### Short web captions
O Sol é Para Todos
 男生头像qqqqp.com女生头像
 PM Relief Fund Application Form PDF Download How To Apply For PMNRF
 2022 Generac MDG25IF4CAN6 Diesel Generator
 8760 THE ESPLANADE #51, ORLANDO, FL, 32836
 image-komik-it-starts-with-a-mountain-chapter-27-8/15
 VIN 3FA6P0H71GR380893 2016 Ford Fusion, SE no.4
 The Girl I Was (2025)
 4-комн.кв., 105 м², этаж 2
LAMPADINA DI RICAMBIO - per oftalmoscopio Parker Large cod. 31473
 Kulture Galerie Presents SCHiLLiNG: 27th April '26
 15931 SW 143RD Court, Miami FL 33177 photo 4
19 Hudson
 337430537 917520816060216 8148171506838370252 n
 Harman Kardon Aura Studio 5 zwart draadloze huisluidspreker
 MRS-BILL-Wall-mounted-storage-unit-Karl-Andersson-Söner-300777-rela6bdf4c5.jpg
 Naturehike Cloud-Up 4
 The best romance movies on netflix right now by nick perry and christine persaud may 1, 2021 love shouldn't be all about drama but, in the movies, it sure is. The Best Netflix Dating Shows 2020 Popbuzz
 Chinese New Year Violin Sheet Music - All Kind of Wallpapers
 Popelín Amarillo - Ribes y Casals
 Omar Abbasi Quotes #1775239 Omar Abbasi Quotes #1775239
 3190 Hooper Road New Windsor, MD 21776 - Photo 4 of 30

### What you need to do
Return the entries in full, keeping every line exactly as it is.

### Answer space
O Sol é Para Todos
 男生头像qqqqp.com女生头像
 PM Relief Fund Application Form PDF Download How To Apply For PMNRF
 2022 Generac MDG25IF4CAN6 Diesel Generator
 8760 THE ESPLANADE #51, ORLANDO, FL, 32836
 image-komik-it-starts-with-a-mountain-chapter-27-8/15
 VIN 3FA6P0H71GR380893 2016 Ford Fusion, SE no.4
 The Girl I Was (2025)
 4-комн.кв., 105 м², этаж 2
LAMPADINA DI RICAMBIO - per oftalmoscopio Parker Large cod. 31473
 Kulture Galerie Presents SCHiLLiNG: 27th April '26
 15931 SW 143RD Court, Miami FL 33177 photo 4
19 Hudson
 337430537 917520816060216 8148171506838370252 n
 Harman Kardon Aura Studio 5 zwart draadloze huisluidspreker
 MRS-BILL-Wall-mounted-storage-unit-Karl-Andersson-Söner-300777-rela6bdf4c5.jpg
 Naturehike Cloud-Up 4
 The best romance movies on netflix right now by nick perry and christine persaud may 1, 2021 love shouldn't be all about drama but, in the movies, it sure is. The Best Netflix Dating Shows 2020 Popbuzz
 Chinese New Year Violin Sheet Music - All Kind of Wallpapers
 Popelín Amarillo - Ribes y Casals
 Omar Abbasi Quotes #1775239 Omar Abbasi Quotes #1775239
 3190 Hooper Road New Windsor, MD 21776 - Photo 4 of 30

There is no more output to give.